Kimberly Browske, Senior, Beaumont High School
Kimberly Browske and her six Beaumont High School teammates had never developed a website, let alone learned the coding languages Cloud9 and Ruby on Rails required by the nine-week CLETeenHack, where kids learn to code and help the community. Team Be@utech entered the competition anyway. In May, the girls won $2,500 for their work developing the Vote Now and sample ballot pages for a website geared at informing teens about the upcoming election.
You think you’re going to be able to develop [the page] a lot more and learn a lot more. But we would only meet with our mentor once a week, so it was really only like we had maybe eight or nine days to do this.
We would work on it outside of our meetings with our mentors, but it seemed like we were trying to learn rather than just develop a page. The seven of us had never used Cloud9 to develop a website, so we had issues communicating how to get our code together, and if one of us modified it, how could another person see it and test it.

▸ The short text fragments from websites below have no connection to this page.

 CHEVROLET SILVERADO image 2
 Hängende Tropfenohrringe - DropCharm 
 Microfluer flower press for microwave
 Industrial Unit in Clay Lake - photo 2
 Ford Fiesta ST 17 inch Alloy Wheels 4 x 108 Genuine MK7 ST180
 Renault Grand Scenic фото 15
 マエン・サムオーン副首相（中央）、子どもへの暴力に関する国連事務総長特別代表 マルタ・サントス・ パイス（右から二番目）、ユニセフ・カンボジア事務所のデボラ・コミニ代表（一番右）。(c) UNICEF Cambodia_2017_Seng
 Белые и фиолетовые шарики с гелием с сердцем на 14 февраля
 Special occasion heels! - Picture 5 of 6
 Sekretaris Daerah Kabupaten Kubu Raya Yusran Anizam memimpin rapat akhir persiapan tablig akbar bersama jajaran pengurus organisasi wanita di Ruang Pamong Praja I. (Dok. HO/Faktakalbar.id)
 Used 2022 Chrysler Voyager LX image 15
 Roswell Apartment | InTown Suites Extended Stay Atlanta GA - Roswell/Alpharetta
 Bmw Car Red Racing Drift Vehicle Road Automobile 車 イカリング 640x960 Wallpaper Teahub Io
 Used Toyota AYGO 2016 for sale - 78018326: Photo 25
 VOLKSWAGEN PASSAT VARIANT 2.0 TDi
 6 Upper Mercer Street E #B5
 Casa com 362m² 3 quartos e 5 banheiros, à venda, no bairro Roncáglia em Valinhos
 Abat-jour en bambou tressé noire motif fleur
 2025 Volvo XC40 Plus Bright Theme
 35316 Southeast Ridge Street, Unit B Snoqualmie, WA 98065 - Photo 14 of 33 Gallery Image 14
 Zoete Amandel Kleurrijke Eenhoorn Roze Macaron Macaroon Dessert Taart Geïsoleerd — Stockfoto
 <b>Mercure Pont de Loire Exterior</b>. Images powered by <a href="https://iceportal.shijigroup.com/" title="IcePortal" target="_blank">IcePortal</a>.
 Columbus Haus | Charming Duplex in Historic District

We drew up a design on a whiteboard and tried to make our physical website look like our drawn out design. We drew inspiration from what we’ve seen in the past, what we’ve seen on different websites, what looks good and official. We wanted a specific horizontal scrolling for one of the options on the sample ballot page, and we took that from the horizontal scrolling on Netflix.
Once we saw our page go up and that the function was working right, it was a relief. We were all just going on the website on our own laptops and testing things out.
We had a presentation meeting to close the CLETeenHack. Three teams were selected to present in front of the entire group. They announced it like third place, second place, first place. As soon as they announced second place, we knew that we would win. We were all super excited.